Presidential candidate José Raúl Mulino, the protégé of former President Ricardo Martinelli who leads the polls for the May 5 elections in Panama, promised on Tuesday to “close” the Darién jungle to migrants heading to the United States.

“We are going to close Darién and we are going to repatriate all these people as appropriate, respecting human rights,” Mulino told reporters during an electoral tour of Las Mañanitas, a working-class suburb of the Panamanian capital.

The 266 km long and 575,000 hectare jungle border between Colombia and Panama has become in recent years a corridor for migrants trying to reach the United States from South America.

More than 520,000 people, mostly Venezuelans, crossed the inhospitable jungle in 2023. This year more than 120,000 have made the journey, according to official figures.

“The U.S. border instead of Texas has moved to Panama. So we have to do trilateral work [among the United States, Colombia and Panama] and they have to understand that Panama is not a country of transit for immigrants,” said Mulino, who was Martinelli’s Minister of Security (2009-2014).

Mulino did not say what measures he would take to close the passage through Darién.

I cannot pardon Martinelli

The 64-year-old lawyer denied that if he wins the presidency, he will pardon Martinelli, who took asylum two months ago in the Nicaraguan embassy to avoid a sentence of almost 11 years in prison for money laundering. President Daniel Ortega immediately granted him asylum, but the Panamanian government denied him safe conduct to leave for Managua.

After the conviction, the Electoral Tribunal disqualified Martinelli as a candidate at a time when he was leading the polls and was replaced by Mulino, his running mate for the vice presidency.

“First, I cannot grant pardons for this. Second, what he [Martinelli] wants is a review of his process with justice and to be able to clarify his innocence and prove that the whole trial was a farce to put him outside the electoral race,” said Mulino.

“The [Panamanian] government has shown that it is going to respect it [the Nicaraguan Embassy]. Let’s not have what happened in Ecuador, right? And that is good,” added Mulino, alluding to the police assault on the Mexican legation in Quito on April 5 to arrest former Ecuadorian Vice President Jorge Glas.

Despite his conviction, Martinelli has the support of many Panamanians who remember with nostalgia the country’s economic bonanza during his government.

It would be a farce

Less than 20 days before the elections, Mulino has the highest voting intention (34%), followed by fellow opposition and center-right lawyer Ricardo Lombana (15%) and former social democrat president Martín Torrijos (13%), according to a Doxa poll published on Monday.
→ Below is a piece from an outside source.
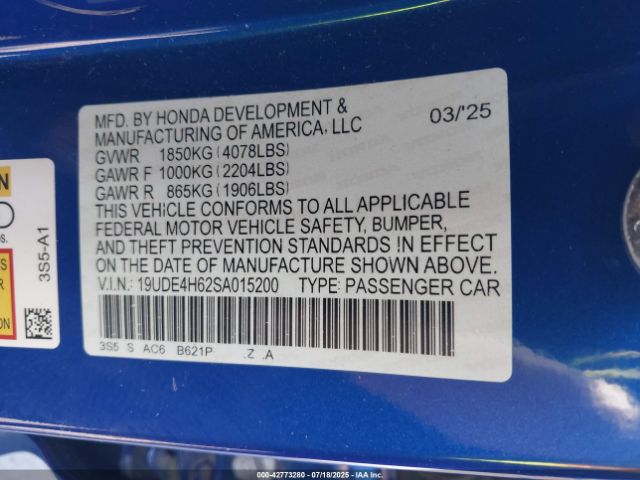 2025 ACURA INTEGRA 19UDE4H62SA015200 Photo 8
Eight candidates are competing in the elections, which are decided by simple majority in a single round. However, Mulino faces a judicial hurdle, as the Supreme Court is reviewing a lawsuit over his direct appointment as presidential candidate by Martinelli, without going through party primaries, as established by the electoral code.

“If my candidacy is annulled, for whatever reasons the Court wants, they are going to annul the electoral process, because the process would be a farce if they take me out, as I am the one who is marking first in all the polls,” said Mulino.

So far there is no announced date for the Court’s decision. Mulino was in preventive detention between 2015 and 2016 for alleged corruption, but the Supreme Court annulled the case due to procedural errors.

During the Manuel Antonio Noriega dictatorship (1983-1989), he was one of the leaders of the Civilist Crusade that opposed the general. He later served as foreign minister for President Guillermo Endara (1989-1994) after the U.S. invasion that overthrew Noriega in 1989.